In November 1978, 21 years ago, I introduced the first article of the series, “Perfumery: Techniques in Evolution,” at the Fifth Convention of Perfumers in Spain. I was then a member of the Spanish Society of Cosmetic Chemists and The Professional Group of Perfumers, organizations that I quit some years later. I started talking about the word “evolution” as a key hallmark to understand our profession. At this time I described products like α-damascone, β-damascone, damascenone, calone (watermelon ketone), all virtually unknown in 1978 by almost all the perfumers in the world. I stated that these chemicals were going to be the elements making the forthcoming evolution of perfumery possible, an evolution that was a real revolution already looming over the horizon. Well, I was right. In 1978 there was not a perfume with calone in it. Now, it is one of the most successful ingredients; one with which perfumers won’t be able to work without. Damascones and damascenone where known only through the patents, through scientific papers describing minor ingredients in bulgarian rose oil, rose oxyde, neroloxyde, rose furan and p-menthen-9-al; at the time, these were used in bases such as cetylia, dorinia or damascenia. Most perfumers, exept those working with the company that patented them, used these bases without knowing which chemicals were responsible for imparting the sought-after effects of radiant, fruity and rosy nuances.

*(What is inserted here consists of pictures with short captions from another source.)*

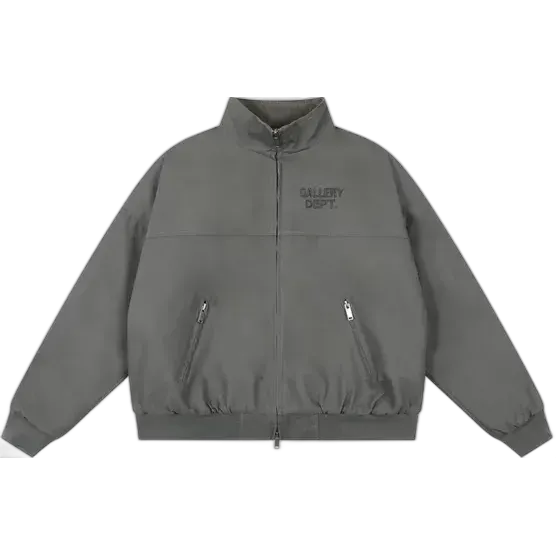 Gallery Dept Embroidered Logo Bomber Jacket (2 Variants)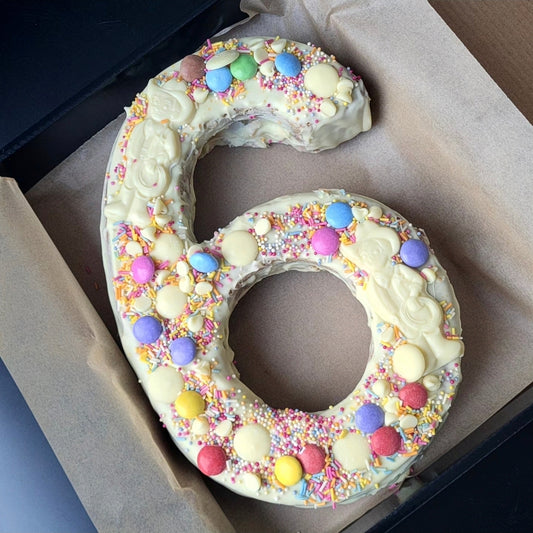 Large Birthday Number Blondie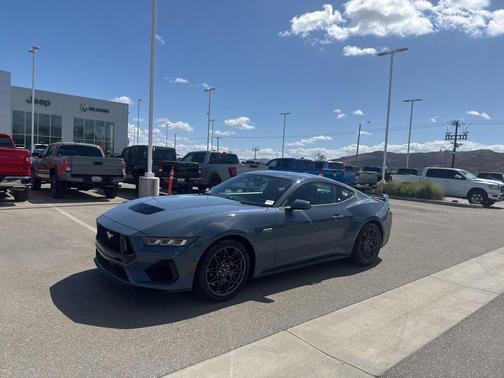 Vapor Blue 2024 Ford Mustang GT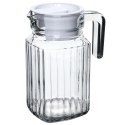 Dzbanek szklany z pokrywką 650 ml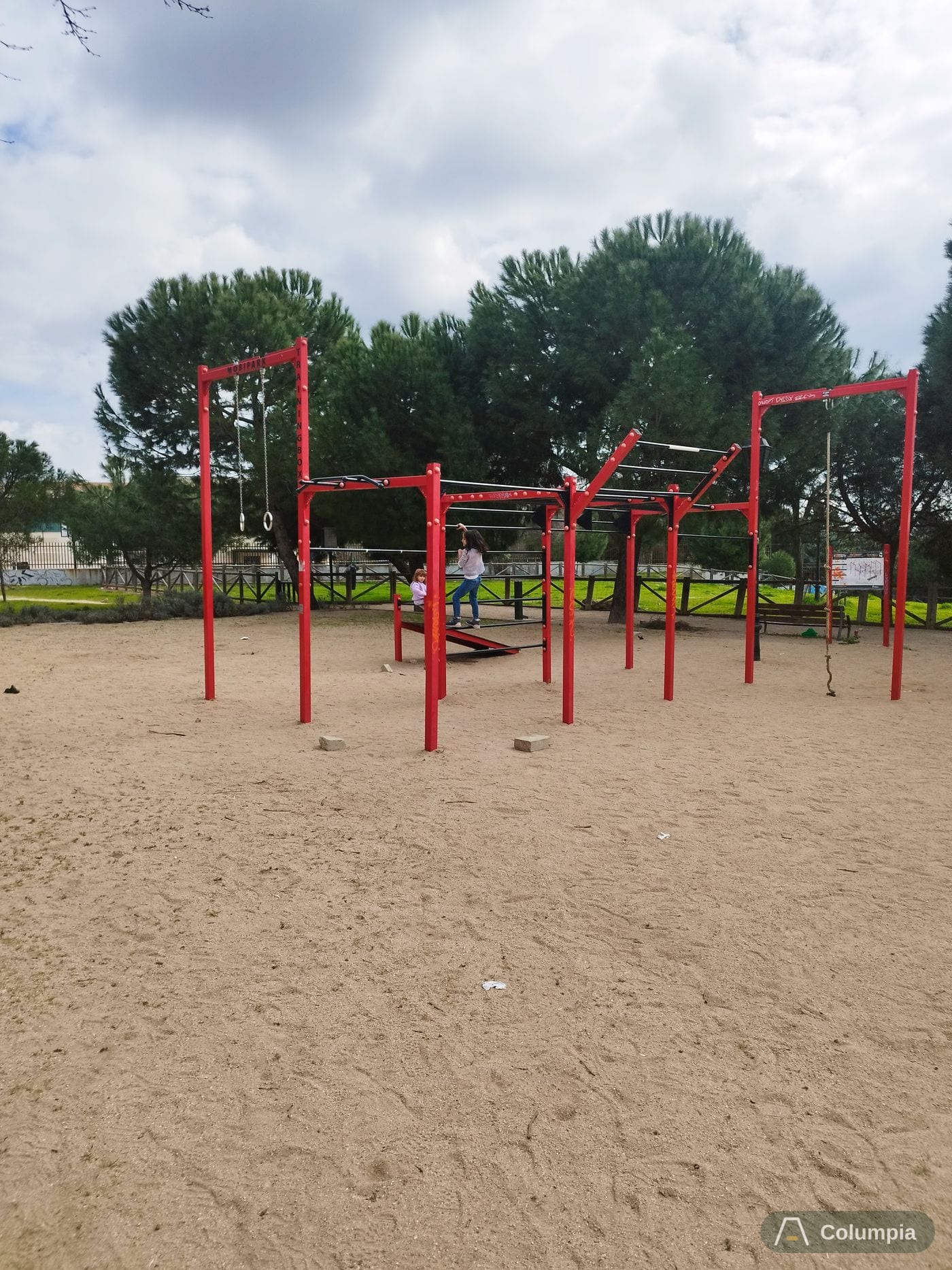 Foto del parque Zona de calistenia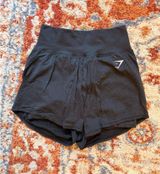 Gymshark Vital 2-in-1 Shorts, Black Marl Photo 0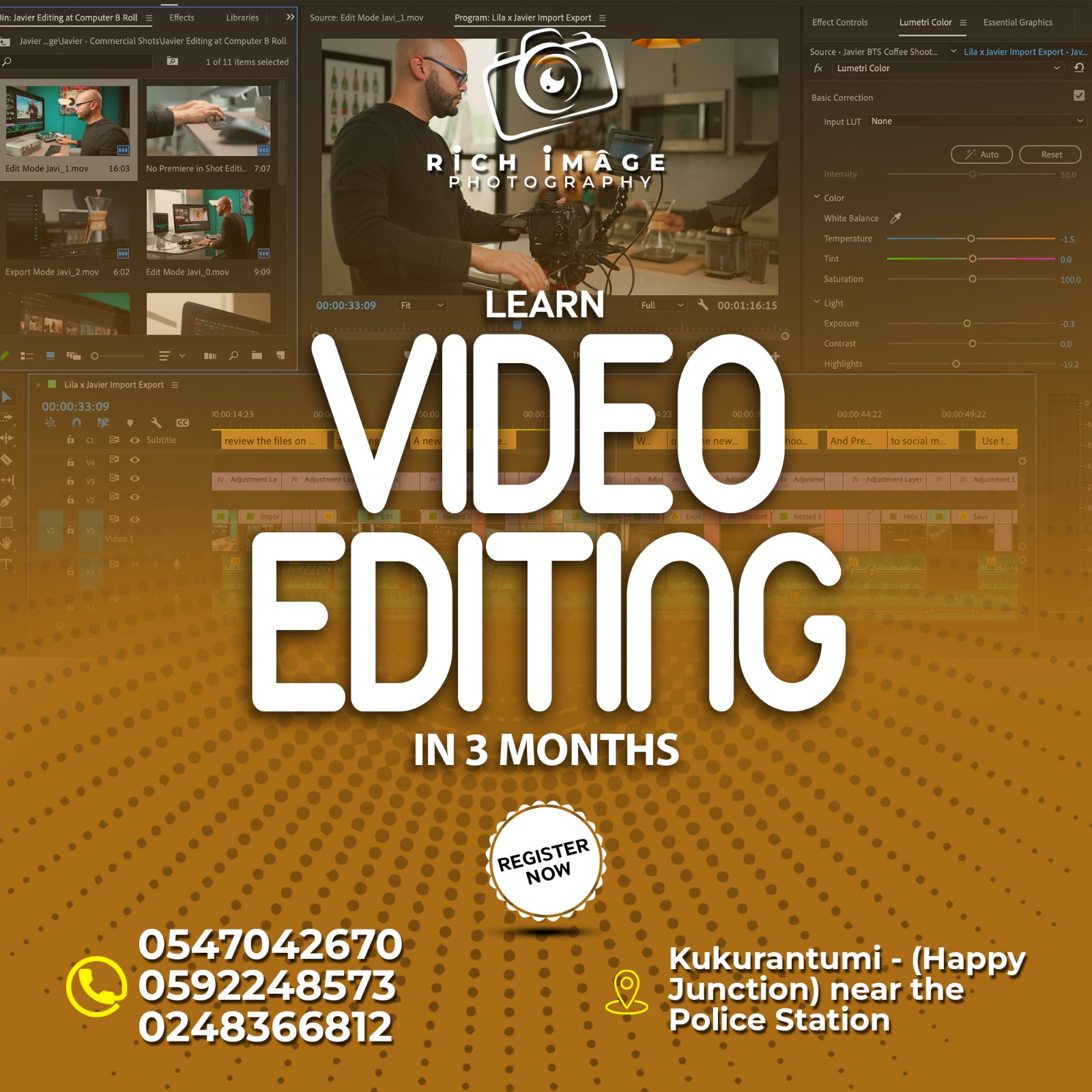 Video editing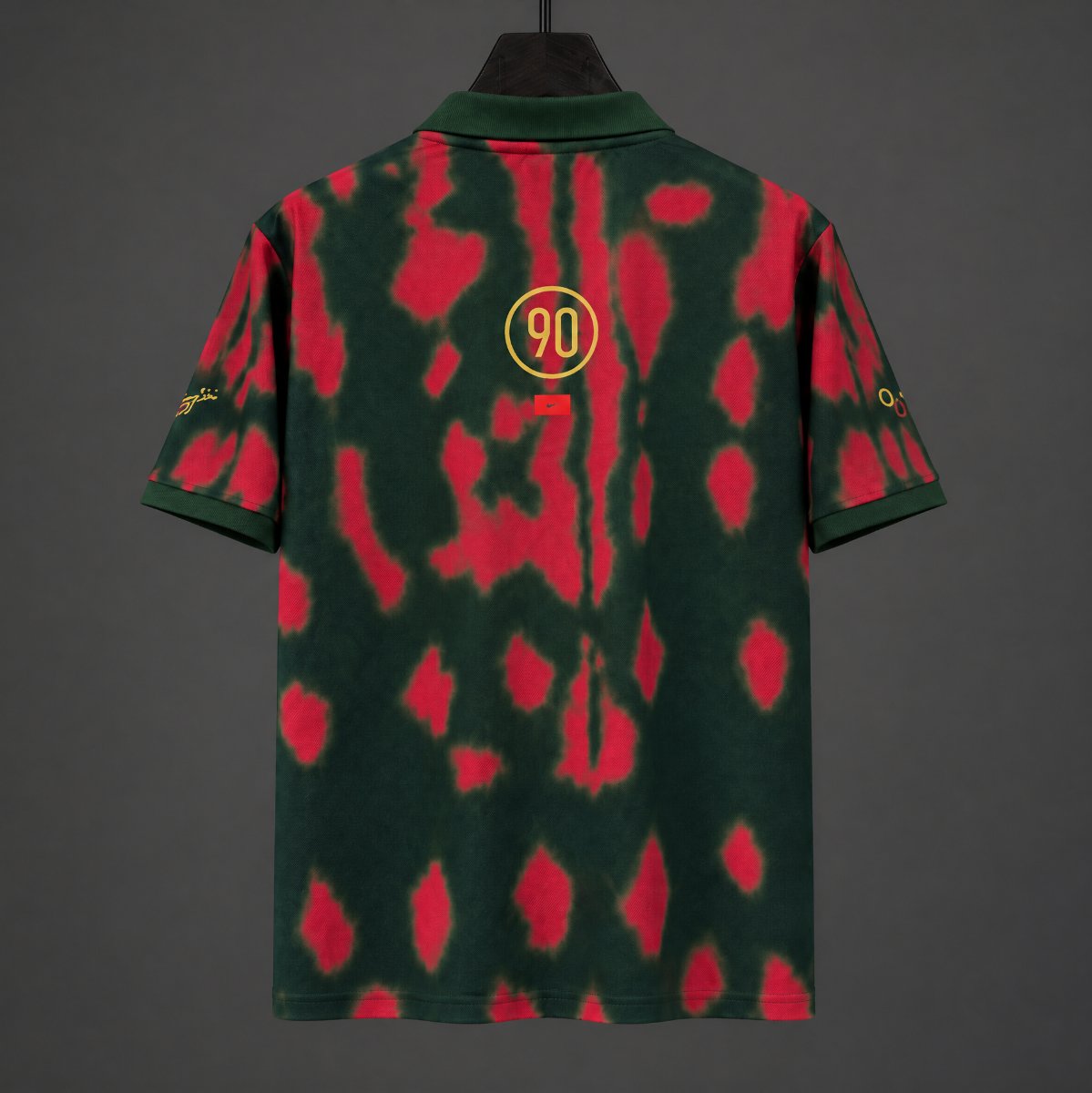 2026 Morocco x Travis Scott Cactus Jack Total 90 Red Green Jersey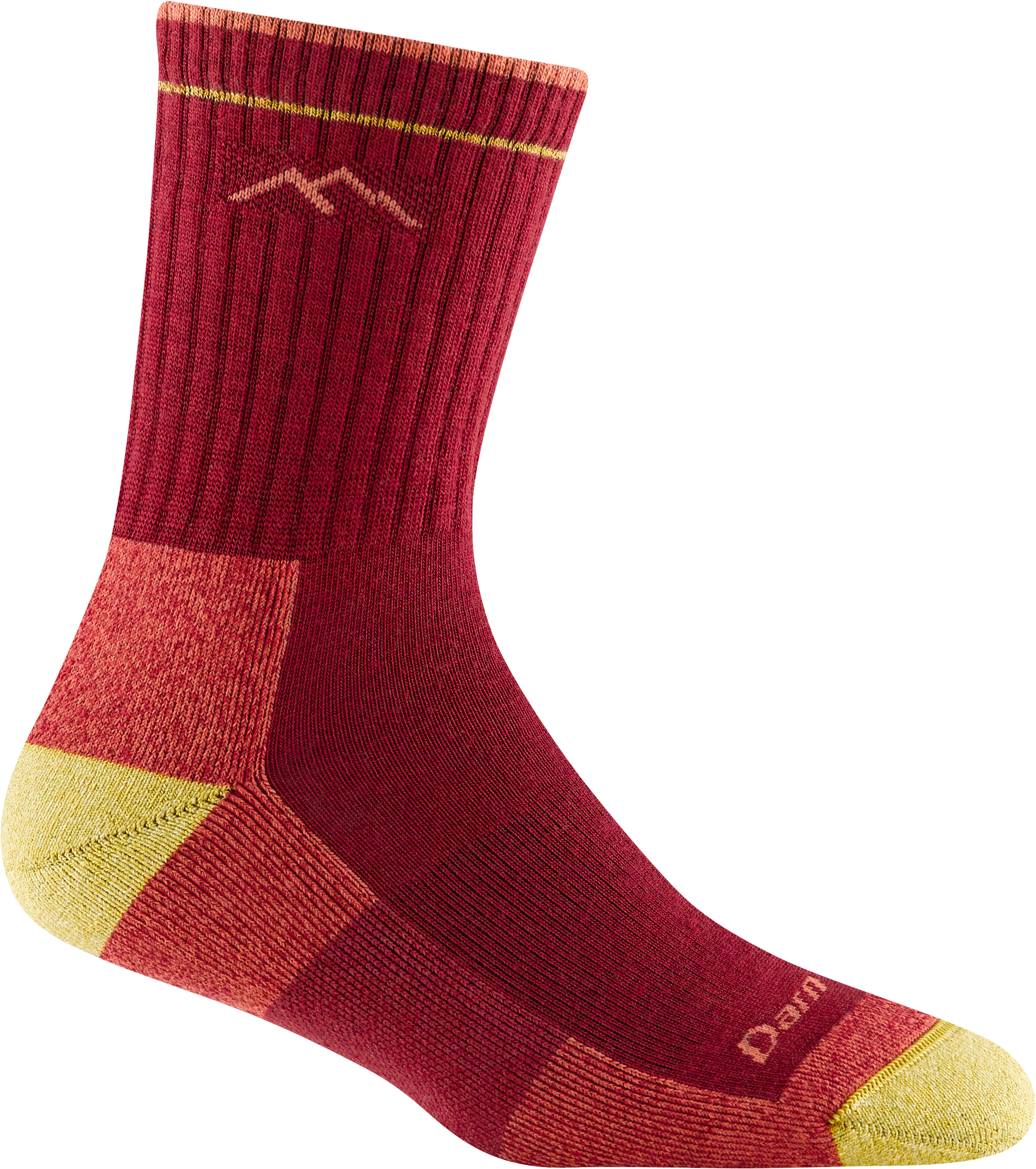 Women's Hiker Micro Crew Midweight Hiking Sock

However, I said something wrong. I said that this evolution did not mean any break with perfumery’s past. Unfortunately, and at that time I did not see it, there has been a major break. Perfumery of the past, the technique used by the most excellent perfumers, Jean Carles, Edmond Roudnitzka, Ernest Beaux, Maurice Maurin, Paul Vacher, Guy Robert etc.; men and women that spent their lives expressing themselves through combinations of essential oils and chemicals were going to be hampered by several organizations that began telling us what ingredients we could and could not use; if it was allowable to use 0.1% of costus or not, even in limited amounts, for example. Italian bergamote oil, styrax, Peru balsam, cinnamon or chenopodium oils were treated as hramful. According to the logic of these organizations, the crusaders of human health, we found out that almost all essential oils were not advisable to be used except in light touches. Clary sage, black pepper, juniper berry, frankincense and laurel-leaf oils were allowed; blessed generosity by those concerned with the health of the world. Many chemicals that were discovered by enthusiastic young chemists cooperating closely with me were often stalled for years and years by these organizations, and could not be used at all.

Another branch of what I call crusaders of human ethics, those defending the rights of animals, started fighting civet, castoreum and all the rest of animal products, for the sake of saving animals from cruelty.